I hope you can help me because I'm currently stuck.
So, I was given the task to convert several csv files to parquet format. These parquet files will be used as inputs for another script to be processed.
Another engineer have created the conversion script but my current employer somehow don't have it and now that engineer have left the company. So they asked me to create another conversion script.
I tried to create the conversion script, but the result is not accepted by the processing script as it keeps throwing errors . But when I used one of the old parquet files that was created by the previous engineer conversion script, the processing script run perfectly.

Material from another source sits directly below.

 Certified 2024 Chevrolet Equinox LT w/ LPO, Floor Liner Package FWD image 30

I have the data in both csv format and in parquet format. So my goal is to create a conversion script that when executed on the csv format, could produce the same parquet format file.
My question:
FYI, The errors thrown by the processing script mainly because the parquet files produce by my current script do not use the expected datatypes on the columns.
Any inputs will be greatly appreciated!
You need to inspect the schema and the metadata of the parquet files.

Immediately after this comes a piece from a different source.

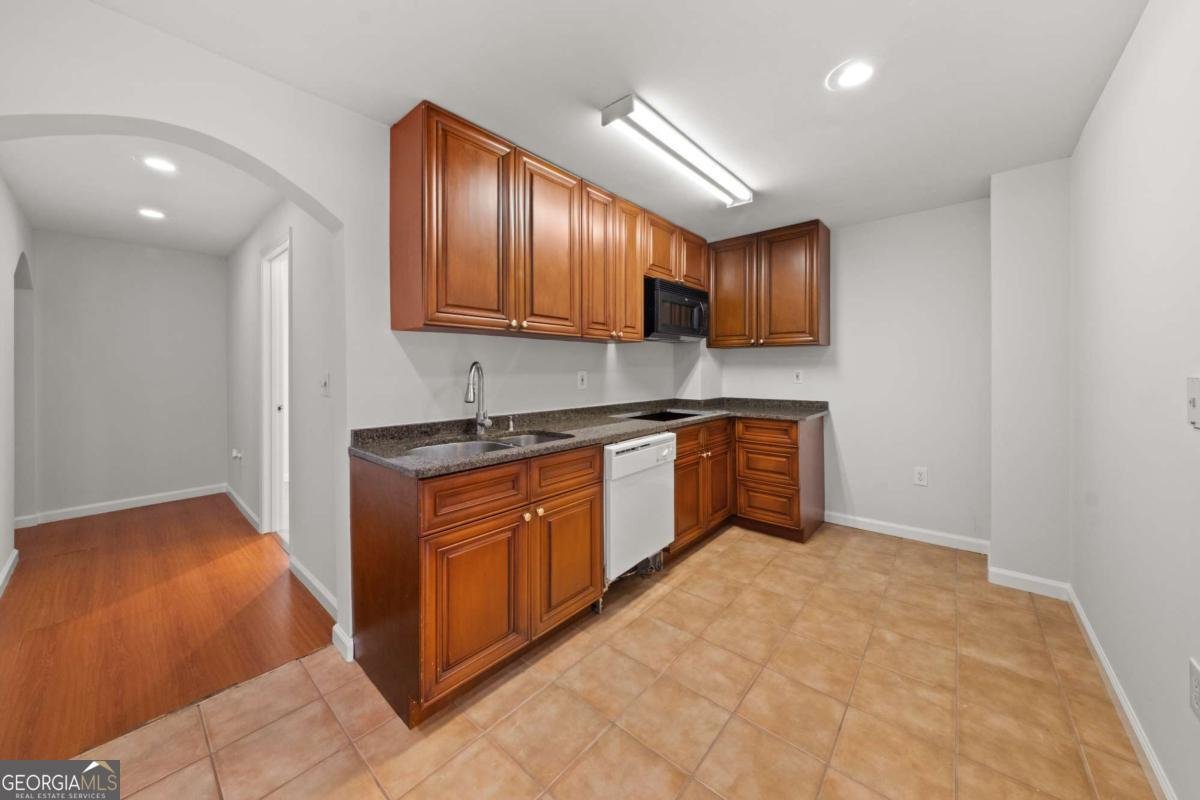 3980 Riverglen Circle Suwanee - 36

The schema will be particularly useful in terms of information about data types.
EDIT: Considering the pyarrow
module:
import pyarrow.parquet as pq
import json
import pandas as pd
# load legacy parquet file
old_tbl = pq.read_table('old_file.parquet')
# get the metadata key
print(old_tbl.schema.metadata.keys())
# let's say the result was b'pandas'...
# create a dictionary with metadata information
old_info = json.loads(old_tbl.schema.metadata[b'pandas'].decode('utf-8'))
# get the metadata field names
print(old_info.keys())
# finally, inspect each metadata field
# p.e. column types
print(pd.DataFrame(old_info['columns']))
# p.e. pandas version used by him
print(old_dict['pandas_version'])
# p.e. pyarrow version used by him (assuming he used it too)
print(old_dict['creator'])
# and so on
With all this information, you can create new parquet files that carries the process expected data types.